La Scarcella ha inoltre fatto riferimento all’ufficio tributi. “Mille e cento preavvisi di sospensione acqua potabile sono stati mandati. E siamo passati da un introito del 5 al 37 per cento. Non solo. – ha concluso – Nel 2012 il comune, attraverso la cassa depositi e prestiti ha contratto un mutuo di 650mila euro per la ristrutturazione della caserma dei carabinieri”.

Tre i punti all’ordine del giorno. Il secondo, il “Regolamento disciplinante le manomissioni del suolo pubblico”, relazionato dal vicesindaco Jacopo Rizzo, é passato sempre con i quattro voti contrari della minoranza.

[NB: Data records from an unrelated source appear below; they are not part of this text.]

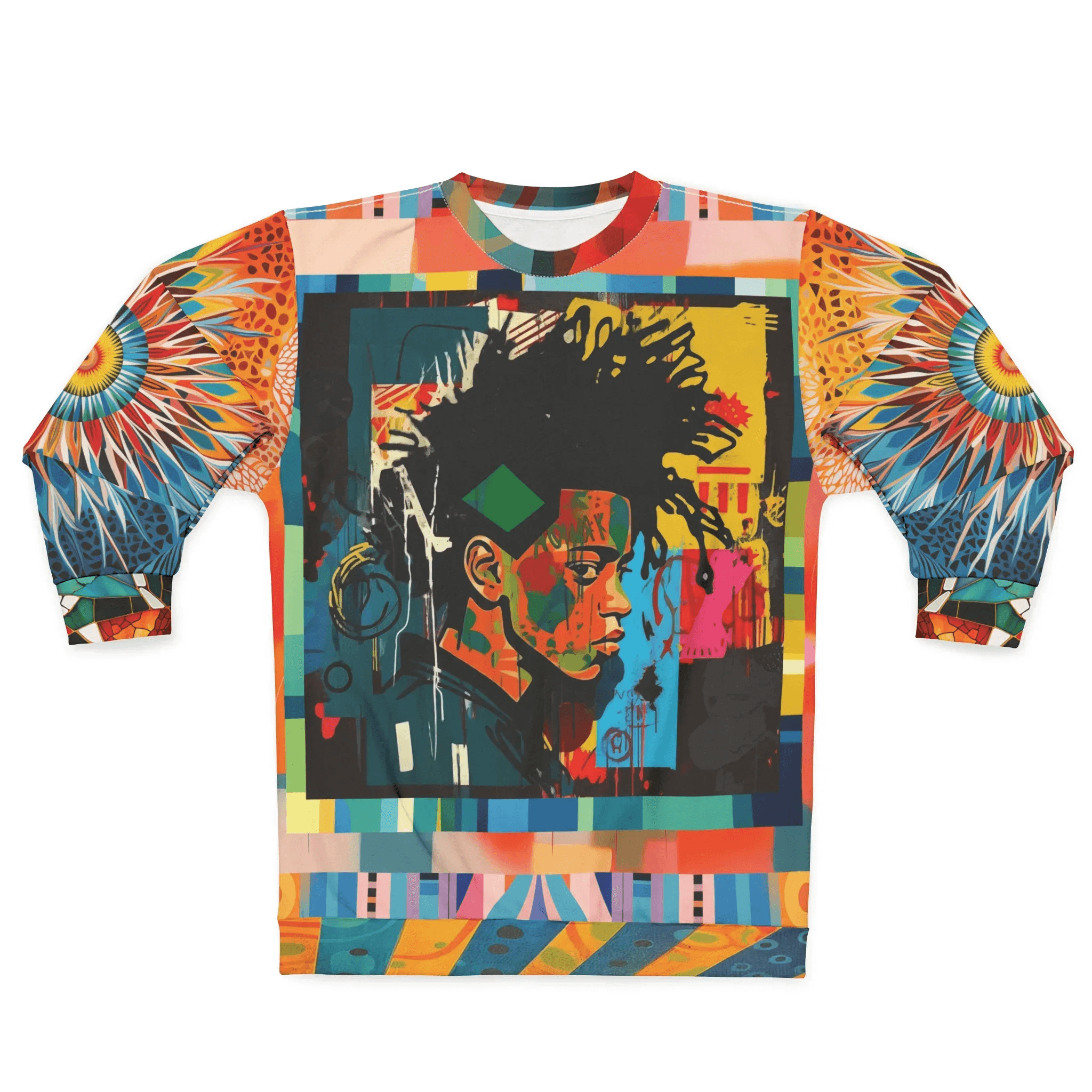 Childhood Interrupted Graffiti Art Unisex Sweatshirt (Gold Label)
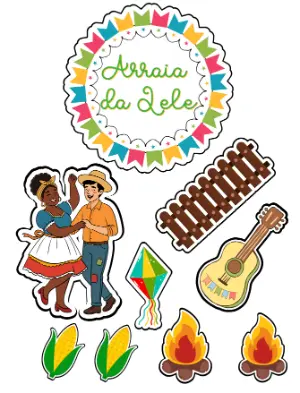 Cake Topper – Static – VM criações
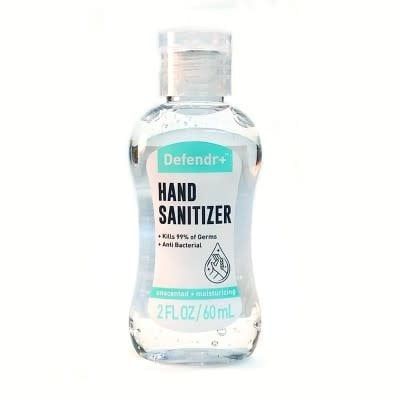Defendr+ Hand Sanitizer 2floz -Unscented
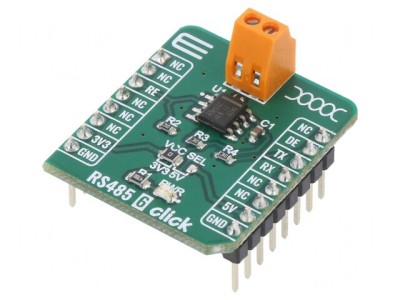 Click Board Interfață UART THVD1329DT Plață Prototip foto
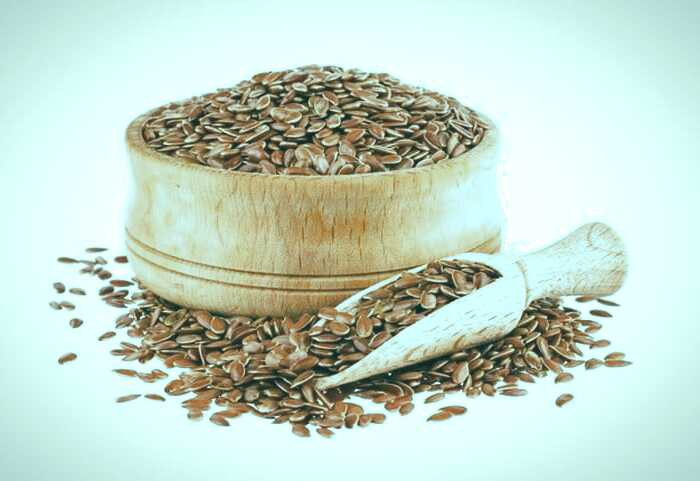 دانه کتان برای تقویت مو دانه کتان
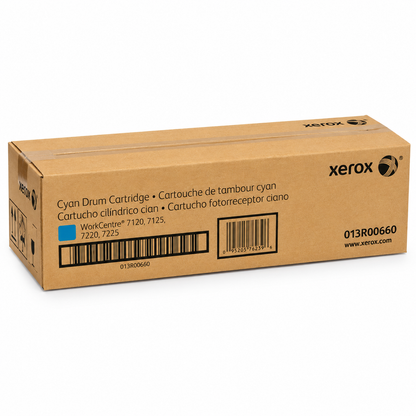 Xerox 013R00660 Original Bildtrommel Cyan WorkCentre 7120 7125 7220 7225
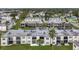 Aerial view of a large apartment complex with ample parking and landscaping at 7701 Starkey Rd # 324, Seminole, FL 33777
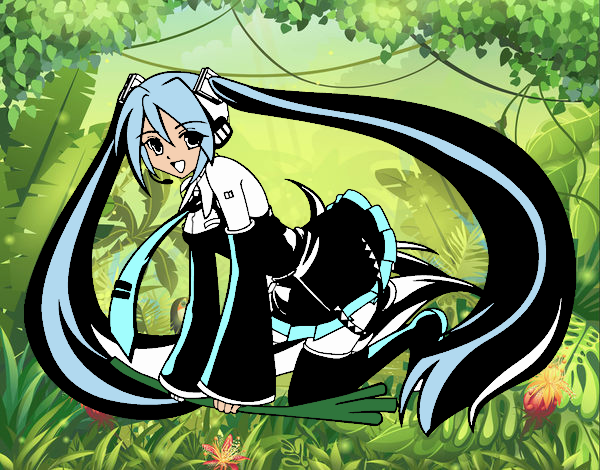 Vocaloid Hatsune Miku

Mentre all’unanimità é stato infine approvato l’ultimo punto, ovvero i “Piani di azione di energia sostenibile”, per il quale é intervenuto Bellofiore.

“Gioia Tauro ha aderito al “Patto dei Sindaci” redatto da Calabria2020 – ha esordito – l’iniziativa della Commissione Europea volta a ridurre le emissioni di Co2 di oltre il 20 per cento al 2020 rispetto al 2008, mediante programmi di efficienza energetica e ricorso alle energie rinnovabili.

Tutti gli interventi effettuati, – ha aggiunto – dovranno essere mandati entro il 9 maggio alla comunità europea per poter usufruire finanziamenti in grado di migliorare la situazione eco sostenibile della città.”